Selegiline (Deprenyl) : It is a selective and irreversible MAOB inhibitor. Two isoenzyme forms of MAO, termed MAOA and MAOB are recognized; both are present in peripheral adrenergic structures and intestinal mucosa, while the latter predominates in the brain and blood platelets.
MAO-B INHIBITOR
Selegiline (Deprenyl)
It is a selective and irreversible MAOB
inhibitor. Two isoenzyme forms of MAO, termed MAOA and MAOB are recognized;
both are present in peripheral adrenergic structures and intestinal mucosa,
while the latter predominates in the brain and blood platelets. Unlike nonselective
MAO inhibitors, selegiline in low doses (10 mg/day) does not interfere with
peripheral metabolism of dietary amines; CA accumulation and hypertensive
reaction does not develop, while intracerebral degradation of DA is retarded.
This is responsible for the therapeutic effect in parkinsonism. Higher doses
can produce hypertensive interactions.
Selegiline alone has mild antiparkinsonian action in early
cases. Administered with levodopa, it prolongs levodopa action, attenuates
motor fluctuations and decreases ‘wearing off’ effect. As an adjuvant to
levodopa, it is beneficial in 50–70% patients and permits 20–30% reduction in
levodopa dose. However, advanced cases with ‘on-off’ effect are not improved
and the peak dose levodopa side effects such as dyskinesias, mental confusion
or hallucinations may be worsened. Moreover, clinical benefits derived from
selegiline are short lived (6–26 months).

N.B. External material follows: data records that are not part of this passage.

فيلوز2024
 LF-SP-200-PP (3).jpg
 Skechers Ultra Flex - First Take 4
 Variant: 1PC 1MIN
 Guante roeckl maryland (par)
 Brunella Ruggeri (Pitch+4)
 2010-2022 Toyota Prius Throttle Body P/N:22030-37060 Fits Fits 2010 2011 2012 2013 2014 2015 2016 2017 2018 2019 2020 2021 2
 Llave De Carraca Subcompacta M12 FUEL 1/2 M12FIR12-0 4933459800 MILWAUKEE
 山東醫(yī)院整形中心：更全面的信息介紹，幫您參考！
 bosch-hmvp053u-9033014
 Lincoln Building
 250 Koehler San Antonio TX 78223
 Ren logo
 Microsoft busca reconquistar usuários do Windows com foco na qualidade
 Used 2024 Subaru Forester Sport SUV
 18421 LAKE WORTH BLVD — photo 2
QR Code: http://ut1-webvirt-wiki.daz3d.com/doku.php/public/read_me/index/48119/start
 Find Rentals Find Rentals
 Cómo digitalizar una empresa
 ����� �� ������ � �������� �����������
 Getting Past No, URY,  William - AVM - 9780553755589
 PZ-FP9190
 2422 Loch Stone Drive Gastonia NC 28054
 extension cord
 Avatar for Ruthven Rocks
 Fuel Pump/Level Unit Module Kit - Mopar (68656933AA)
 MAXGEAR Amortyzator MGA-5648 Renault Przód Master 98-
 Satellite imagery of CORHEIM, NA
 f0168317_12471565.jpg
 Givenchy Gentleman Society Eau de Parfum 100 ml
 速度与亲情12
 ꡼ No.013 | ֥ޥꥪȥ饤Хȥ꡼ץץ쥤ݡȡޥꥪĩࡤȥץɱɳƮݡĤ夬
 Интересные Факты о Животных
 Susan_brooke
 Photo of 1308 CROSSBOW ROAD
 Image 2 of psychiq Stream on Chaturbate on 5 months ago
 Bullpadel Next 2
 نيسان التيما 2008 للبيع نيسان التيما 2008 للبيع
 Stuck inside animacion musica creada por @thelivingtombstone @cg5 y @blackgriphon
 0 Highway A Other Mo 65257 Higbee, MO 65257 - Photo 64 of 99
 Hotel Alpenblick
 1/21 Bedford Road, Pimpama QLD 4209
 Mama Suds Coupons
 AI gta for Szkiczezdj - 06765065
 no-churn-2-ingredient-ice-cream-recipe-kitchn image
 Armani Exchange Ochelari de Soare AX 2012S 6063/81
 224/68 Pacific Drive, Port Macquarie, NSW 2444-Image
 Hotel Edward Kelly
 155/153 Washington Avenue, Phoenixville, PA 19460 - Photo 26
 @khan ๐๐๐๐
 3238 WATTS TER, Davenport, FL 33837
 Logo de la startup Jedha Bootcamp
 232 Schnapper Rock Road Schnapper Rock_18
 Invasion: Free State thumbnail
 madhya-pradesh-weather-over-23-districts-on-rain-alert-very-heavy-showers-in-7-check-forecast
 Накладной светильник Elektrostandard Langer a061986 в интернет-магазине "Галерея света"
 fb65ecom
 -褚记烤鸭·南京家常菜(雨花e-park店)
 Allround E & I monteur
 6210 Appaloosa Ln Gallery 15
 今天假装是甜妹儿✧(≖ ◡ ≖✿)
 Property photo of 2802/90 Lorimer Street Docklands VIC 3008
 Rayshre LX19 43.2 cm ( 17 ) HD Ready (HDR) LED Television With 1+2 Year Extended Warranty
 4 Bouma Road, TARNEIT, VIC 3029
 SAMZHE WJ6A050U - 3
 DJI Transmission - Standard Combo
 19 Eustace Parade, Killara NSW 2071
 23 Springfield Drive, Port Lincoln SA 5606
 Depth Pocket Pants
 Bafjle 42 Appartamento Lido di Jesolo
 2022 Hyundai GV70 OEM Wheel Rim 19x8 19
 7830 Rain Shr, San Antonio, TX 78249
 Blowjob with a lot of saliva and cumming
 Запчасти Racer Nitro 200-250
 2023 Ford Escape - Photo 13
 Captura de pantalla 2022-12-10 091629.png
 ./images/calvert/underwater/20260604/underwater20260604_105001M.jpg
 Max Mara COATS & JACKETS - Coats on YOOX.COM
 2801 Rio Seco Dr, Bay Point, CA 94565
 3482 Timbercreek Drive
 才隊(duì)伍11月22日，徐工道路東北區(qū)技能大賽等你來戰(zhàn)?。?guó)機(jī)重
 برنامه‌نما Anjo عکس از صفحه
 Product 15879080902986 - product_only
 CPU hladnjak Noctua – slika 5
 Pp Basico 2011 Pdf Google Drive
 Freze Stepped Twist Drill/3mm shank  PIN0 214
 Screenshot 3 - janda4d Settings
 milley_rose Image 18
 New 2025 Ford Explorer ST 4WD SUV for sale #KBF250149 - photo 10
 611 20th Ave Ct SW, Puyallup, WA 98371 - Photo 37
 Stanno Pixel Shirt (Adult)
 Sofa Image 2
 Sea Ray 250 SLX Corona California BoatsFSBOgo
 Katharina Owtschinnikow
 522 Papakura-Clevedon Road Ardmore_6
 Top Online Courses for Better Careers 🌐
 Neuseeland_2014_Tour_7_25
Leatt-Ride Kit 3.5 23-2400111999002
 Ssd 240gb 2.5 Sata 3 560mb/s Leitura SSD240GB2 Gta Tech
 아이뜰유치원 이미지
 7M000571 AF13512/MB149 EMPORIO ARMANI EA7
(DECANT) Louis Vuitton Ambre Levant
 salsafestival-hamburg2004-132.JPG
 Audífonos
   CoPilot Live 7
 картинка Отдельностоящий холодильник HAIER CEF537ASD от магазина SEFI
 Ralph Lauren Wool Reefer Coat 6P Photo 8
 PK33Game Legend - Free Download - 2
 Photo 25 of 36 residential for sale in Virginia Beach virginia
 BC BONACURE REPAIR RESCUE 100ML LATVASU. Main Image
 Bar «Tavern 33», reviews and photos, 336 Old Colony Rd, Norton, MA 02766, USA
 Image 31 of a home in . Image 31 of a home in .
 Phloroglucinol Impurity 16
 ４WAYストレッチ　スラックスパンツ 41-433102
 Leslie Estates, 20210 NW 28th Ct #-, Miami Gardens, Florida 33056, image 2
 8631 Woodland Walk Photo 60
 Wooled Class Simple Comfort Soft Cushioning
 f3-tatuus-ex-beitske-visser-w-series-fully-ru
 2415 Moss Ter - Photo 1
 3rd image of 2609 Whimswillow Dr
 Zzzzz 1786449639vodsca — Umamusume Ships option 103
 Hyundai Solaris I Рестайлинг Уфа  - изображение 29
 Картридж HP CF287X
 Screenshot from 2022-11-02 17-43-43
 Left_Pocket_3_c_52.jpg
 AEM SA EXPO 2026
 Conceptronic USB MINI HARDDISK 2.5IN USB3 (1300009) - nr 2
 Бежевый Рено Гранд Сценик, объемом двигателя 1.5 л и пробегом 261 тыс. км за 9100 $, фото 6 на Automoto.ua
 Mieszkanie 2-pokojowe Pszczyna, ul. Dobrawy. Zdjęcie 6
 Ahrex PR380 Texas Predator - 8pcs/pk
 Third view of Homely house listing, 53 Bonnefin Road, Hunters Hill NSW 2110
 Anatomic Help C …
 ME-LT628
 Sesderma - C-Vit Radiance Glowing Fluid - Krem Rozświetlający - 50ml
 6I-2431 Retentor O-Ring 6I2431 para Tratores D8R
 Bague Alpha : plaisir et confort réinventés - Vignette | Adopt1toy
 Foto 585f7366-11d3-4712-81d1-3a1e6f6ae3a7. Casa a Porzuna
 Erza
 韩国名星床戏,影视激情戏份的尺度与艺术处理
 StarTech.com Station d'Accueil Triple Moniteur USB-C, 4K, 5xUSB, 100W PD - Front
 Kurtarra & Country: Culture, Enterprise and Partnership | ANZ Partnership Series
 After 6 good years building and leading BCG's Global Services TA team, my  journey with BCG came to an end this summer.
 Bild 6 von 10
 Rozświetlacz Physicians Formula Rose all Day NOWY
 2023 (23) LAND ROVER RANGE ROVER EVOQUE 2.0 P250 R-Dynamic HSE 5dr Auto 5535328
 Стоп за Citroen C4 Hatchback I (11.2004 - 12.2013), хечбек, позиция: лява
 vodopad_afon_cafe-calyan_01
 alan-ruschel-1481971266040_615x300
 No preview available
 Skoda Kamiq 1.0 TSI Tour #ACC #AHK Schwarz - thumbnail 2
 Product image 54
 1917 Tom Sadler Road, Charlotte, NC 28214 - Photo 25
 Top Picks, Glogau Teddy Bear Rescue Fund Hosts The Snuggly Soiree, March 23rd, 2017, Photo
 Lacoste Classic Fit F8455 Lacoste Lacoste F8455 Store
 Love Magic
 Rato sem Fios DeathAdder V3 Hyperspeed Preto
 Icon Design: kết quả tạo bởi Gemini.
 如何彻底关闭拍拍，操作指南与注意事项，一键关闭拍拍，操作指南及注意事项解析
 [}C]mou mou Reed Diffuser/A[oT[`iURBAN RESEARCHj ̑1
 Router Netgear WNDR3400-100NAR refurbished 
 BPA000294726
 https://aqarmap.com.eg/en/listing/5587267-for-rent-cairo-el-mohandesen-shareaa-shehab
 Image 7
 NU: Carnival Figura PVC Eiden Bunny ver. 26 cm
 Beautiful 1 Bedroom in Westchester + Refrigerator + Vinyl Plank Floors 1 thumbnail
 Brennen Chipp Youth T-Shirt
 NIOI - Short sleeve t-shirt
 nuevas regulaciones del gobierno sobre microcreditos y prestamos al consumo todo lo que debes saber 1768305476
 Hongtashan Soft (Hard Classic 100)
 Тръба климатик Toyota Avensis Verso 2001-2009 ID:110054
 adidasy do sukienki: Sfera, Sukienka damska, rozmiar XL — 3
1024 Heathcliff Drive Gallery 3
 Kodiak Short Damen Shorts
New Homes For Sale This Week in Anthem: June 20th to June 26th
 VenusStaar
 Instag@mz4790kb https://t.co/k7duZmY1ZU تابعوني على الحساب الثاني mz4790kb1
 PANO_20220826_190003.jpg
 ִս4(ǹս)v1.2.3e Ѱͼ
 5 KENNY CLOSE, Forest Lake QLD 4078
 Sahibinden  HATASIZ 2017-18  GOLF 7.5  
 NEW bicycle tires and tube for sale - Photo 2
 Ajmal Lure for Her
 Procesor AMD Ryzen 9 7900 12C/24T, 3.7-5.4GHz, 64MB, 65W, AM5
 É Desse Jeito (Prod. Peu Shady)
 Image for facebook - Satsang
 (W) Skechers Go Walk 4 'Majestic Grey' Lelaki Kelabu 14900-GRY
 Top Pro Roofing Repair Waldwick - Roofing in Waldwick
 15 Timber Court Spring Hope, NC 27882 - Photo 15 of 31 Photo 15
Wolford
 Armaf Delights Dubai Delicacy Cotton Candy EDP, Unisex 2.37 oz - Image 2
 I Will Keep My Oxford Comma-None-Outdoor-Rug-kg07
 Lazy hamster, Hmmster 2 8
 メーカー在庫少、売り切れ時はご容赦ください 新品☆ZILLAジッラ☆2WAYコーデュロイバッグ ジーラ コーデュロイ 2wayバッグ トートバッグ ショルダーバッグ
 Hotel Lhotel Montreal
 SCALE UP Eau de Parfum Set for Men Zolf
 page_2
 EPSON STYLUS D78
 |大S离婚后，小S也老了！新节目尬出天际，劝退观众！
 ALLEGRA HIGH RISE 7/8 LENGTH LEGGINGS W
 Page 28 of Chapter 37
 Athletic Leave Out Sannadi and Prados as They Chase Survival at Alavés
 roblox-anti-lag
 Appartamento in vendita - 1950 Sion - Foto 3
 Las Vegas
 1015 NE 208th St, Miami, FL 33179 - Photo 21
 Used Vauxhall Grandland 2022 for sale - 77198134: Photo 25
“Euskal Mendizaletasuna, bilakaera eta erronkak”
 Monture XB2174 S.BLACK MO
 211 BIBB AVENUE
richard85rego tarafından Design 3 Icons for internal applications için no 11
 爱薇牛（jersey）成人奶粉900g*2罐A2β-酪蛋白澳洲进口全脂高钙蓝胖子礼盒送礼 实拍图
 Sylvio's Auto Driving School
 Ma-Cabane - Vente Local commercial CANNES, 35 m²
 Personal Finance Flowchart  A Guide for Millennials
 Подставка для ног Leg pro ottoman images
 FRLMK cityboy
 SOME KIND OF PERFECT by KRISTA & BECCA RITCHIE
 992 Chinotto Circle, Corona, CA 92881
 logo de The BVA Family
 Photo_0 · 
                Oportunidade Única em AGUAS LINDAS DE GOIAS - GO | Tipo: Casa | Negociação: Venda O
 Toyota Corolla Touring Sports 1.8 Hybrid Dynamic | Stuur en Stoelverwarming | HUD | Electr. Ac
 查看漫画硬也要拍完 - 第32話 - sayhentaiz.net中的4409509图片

Based on the hypothesis that oxidation of DA and/or
environmental toxins (MPTP-like) in the striatum by MAO to free radicals was
causative in parkinsonism, it was proposed that early therapy with selegiline
might delay progression of the disorder. However, no difference in the course of
the disease has been detected on follow up of selegiline treated patients in
large multicentric studies.
Adverse Effects
Postural hypotension, nausea, confusion,
accentuation of levodopa induced involuntary movements and psychosis.
Contraindicated in patients with convulsive disorders.
Selegeline interacts with pethidine causing excitement,
rigidity, hyperthermia, respiratory depression. It may also interact with
tricyclic antidepressants and selective serotonin reuptake inhibitors.
ELDEPRYL 5, 10 mg tab;
SELERIN, SELGIN 5 mg tab; Dose: 5 mg with breakfast
and with lunch, either alone (in
early cases) or with levodopa/carbidopa. Reduce by 1/4th levodopa dose after
2–3 days of adding selegiline.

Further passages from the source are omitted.